Installation
System Requirements
Operating Systems:
- Windows 11
- MacOS
Recommended Hardware:
- Intel Core i5 or greater
- 16 GB RAM or more
- 5 GB hard drive space
Installation Steps
- Install Anaconda or Miniconda.
-
Create a new conda environment and activate:
conda create -n deepmass python=3.8.13 conda activate deepmass
-
Clone the repository and enter:
git clone https://github.com/hcji/DeepMASS2_GUI.git cd DeepMASS2_GUI
-
Install dependencies (for MacOS, some dependencies may need manual installation with conda):
pip install -r requirements.txt
-
Download the dependent data.
-
Put the following files into the data folder:
DeepMassStructureDB-v1.0.csv references_index_negative_spec2vec.bin references_index_positive_spec2vec.bin references_spectrums_negative.pickle references_spectrums_positive.pickle
-
Put the following files into the model folder:
Ms2Vec_allGNPSnegative.hdf5 Ms2Vec_allGNPSnegative.hdf5.syn1neg.npy Ms2Vec_allGNPSnegative.hdf5.wv.vectors.npy Ms2Vec_allGNPSpositive.hdf5 Ms2Vec_allGNPSpositive.hdf5.syn1neg.npy Ms2Vec_allGNPSpositive.hdf5.wv.vectors.npy
Please note that these dependent data are based on the GNPS dataset only. If you have licence of NIST software, please refer the next section: Training models with NIST data
-
-
Run DeepMASS:
python DeepMASS2.py
Training models with NIST data
The NIST MS/MS Library is not available for download directly, but can be purchased from an authorized distributor and exported using the instructions below.
Exporting NIST data
Note: this step requires a Windows System or Virtual Machine.

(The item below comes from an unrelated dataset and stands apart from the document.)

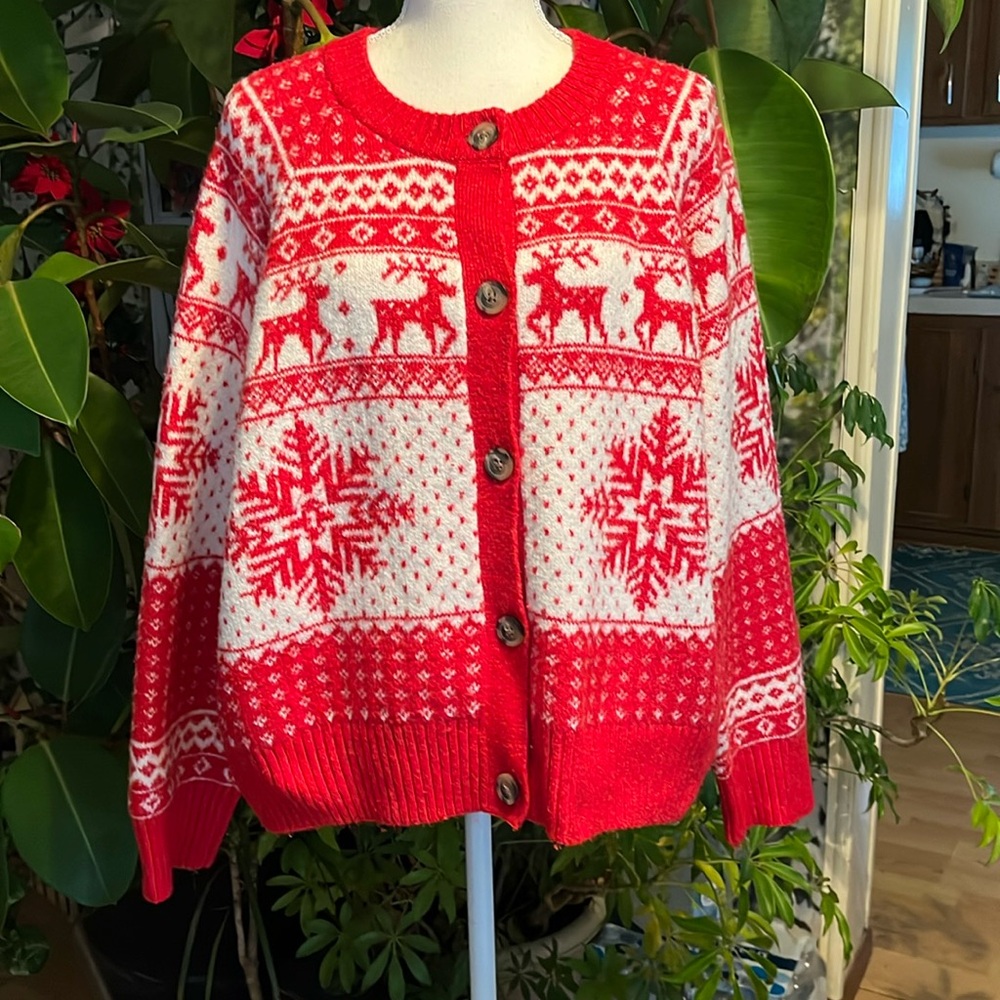 Old Navy XL Reindeer Snowflake Sweater, Button Down, Red/White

The spectra and associated compounds can be exported to MSP/MOL format using the free lib2nist software. The resulting export will contain a single MSP file with all of the mass spectra, and multiple MOL files which include the molecular structure information (linked to the spectra by ID). The screenshot below indicates appropriate lib2nist export settings.
After exporting the files, create a directory on your primary computer and save them there.

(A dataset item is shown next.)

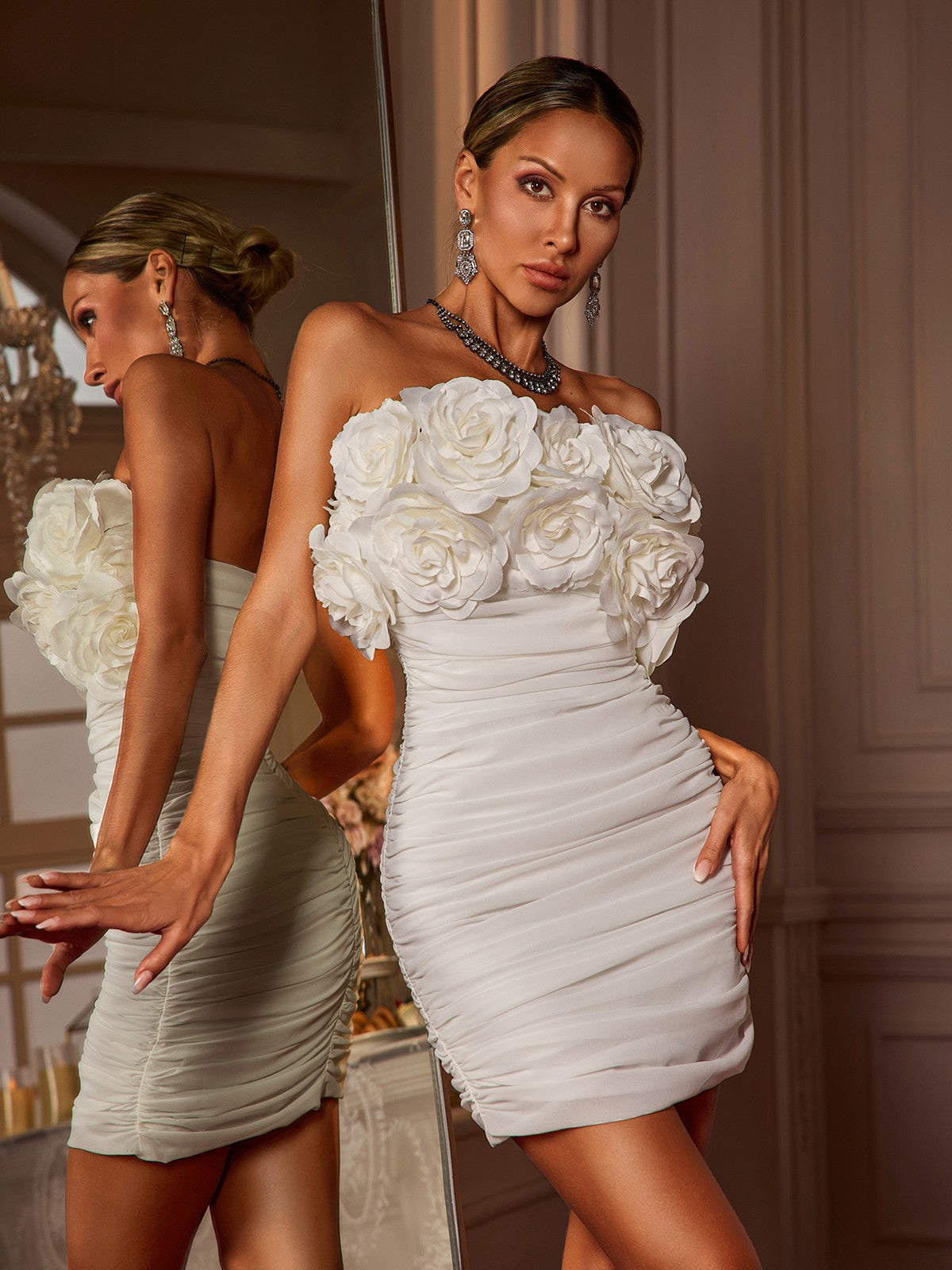 Bairbre Askısız Çiçek Kıvrımlı Mini Elbise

If done correctly, inside "nist_20" there should be a single .MSP file with all the spectra,
hr_nist_msms.MSP
, and a directory of .MOL files, hr_nist_msms.MOL
.
Preprocessing NIST data
Refer the Python script processes mass spectrometry (MS/MS) data and corresponding chemical structures to extract and clean metadata, filter the data based on adduct types, and organize the data for further analysis.
Training the Word2Vec model
Refer the Python script processes mass spectrometry (MS/MS) data to train word2vec models for positive and negative ion mode spectra using the spec2vec approach.This script ultimately creates two spec2vec models: one for positive ion mode spectra and one for negative ion mode spectra.
Generating spectral representation index
Refer the Python script processes mass spectrometry (MS/MS) data to compute vector representations of spectra using a pre-trained word2vec model, and then indexes these vectors for fast similarity searching using the HNSW algorithm. It handles both positive and negative ion mode spectra. This script ultimately creates and saves HNSW indices for fast similarity searching of positive and negative ion mode spectra using the spec2vec vector representations.
Replacing the data
Copy all the generated files into corresponding folder of DeepMASS, refer the installation step 5.